[The task] The expected output is an exact copy of the lines from the one containing "Hotel U Mesta Prahy Nachod Bagian luar foto" to the final line below, minus any pictures.

[Given data]
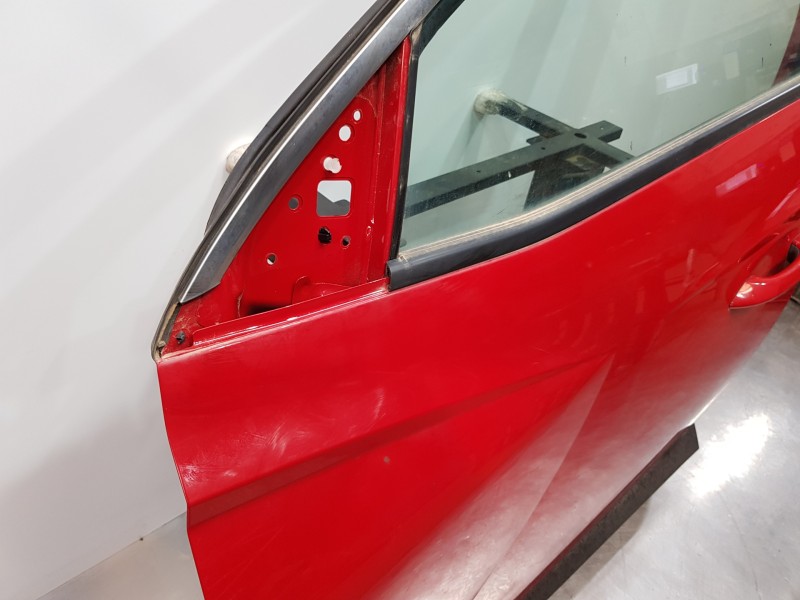 Recambio de puerta delantera izquierda para hyundai tucson tecno sky referencia OEM IAM 76003N7005  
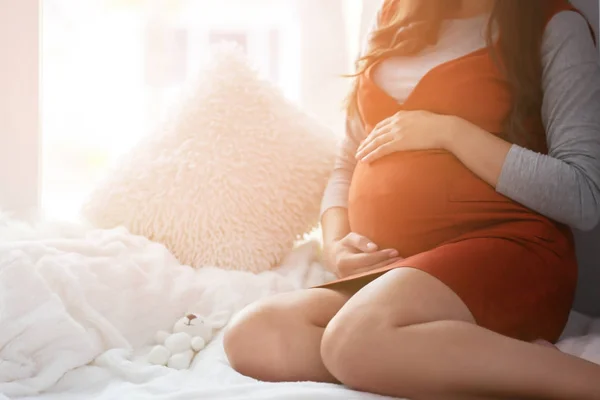 Bella donna incinta vicino alla finestra a casa — Foto Stock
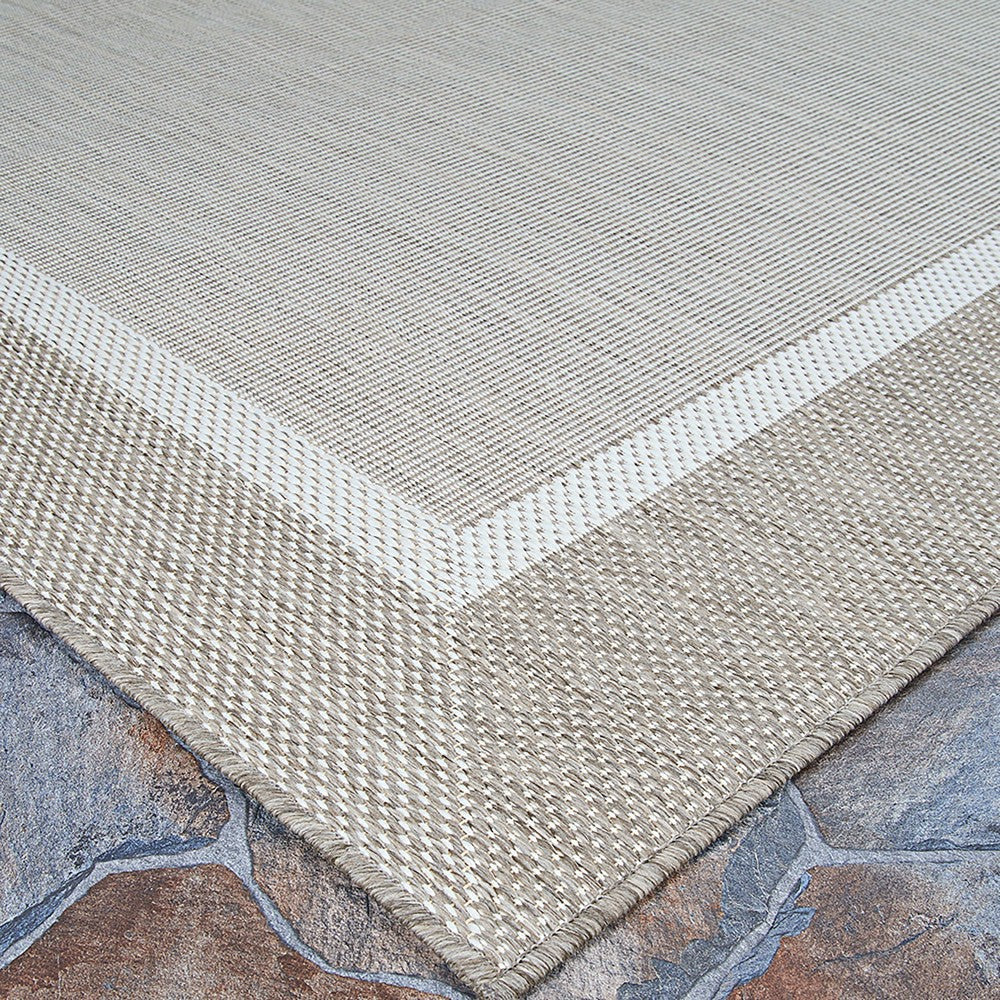 Plow & Hearth Veranda Framework Indoor/Outdoor Polypropylene Rug
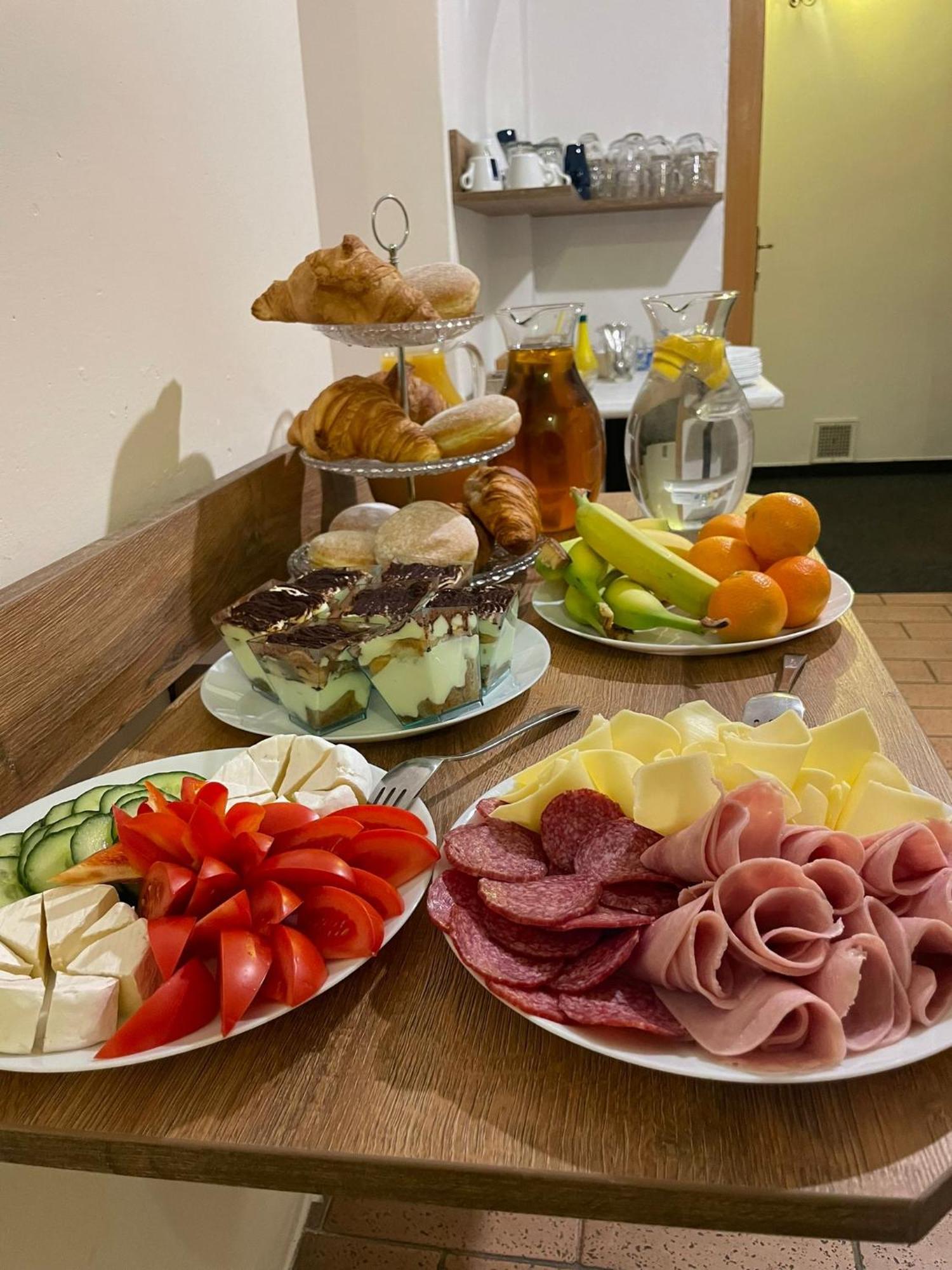 Hotel U Mesta Prahy Nachod Bagian luar foto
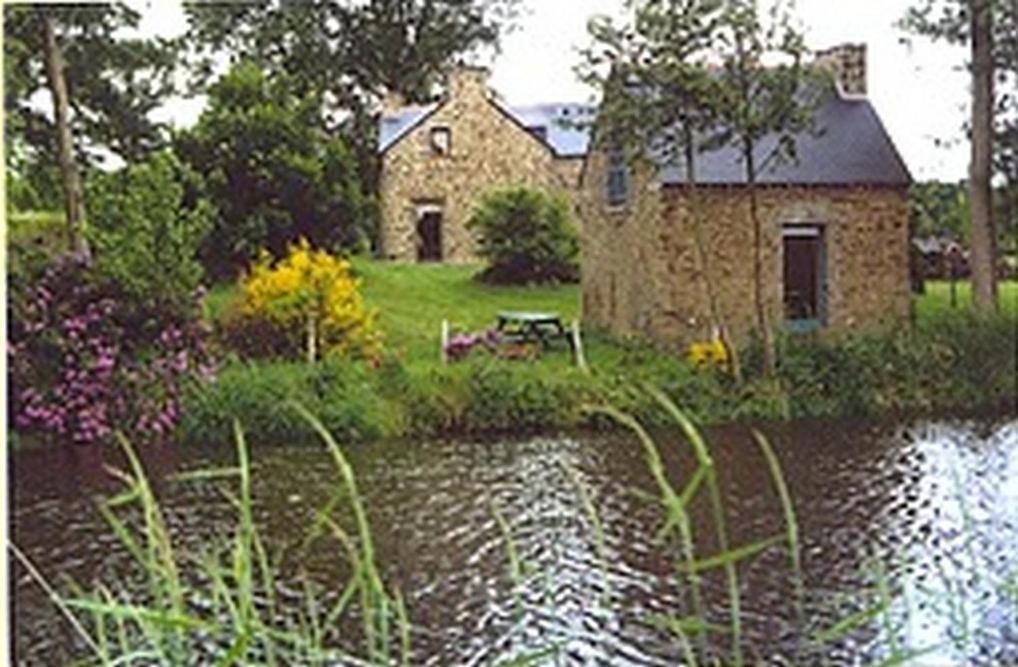 Au Pont Ricoul Bed & Breakfast Saint-Pierre-de-Plesguen Eksteriør bilde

[Written answer]
 Hotel U Mesta Prahy Nachod Bagian luar foto
 Au Pont Ricoul Bed & Breakfast Saint-Pierre-de-Plesguen Eksteriør bilde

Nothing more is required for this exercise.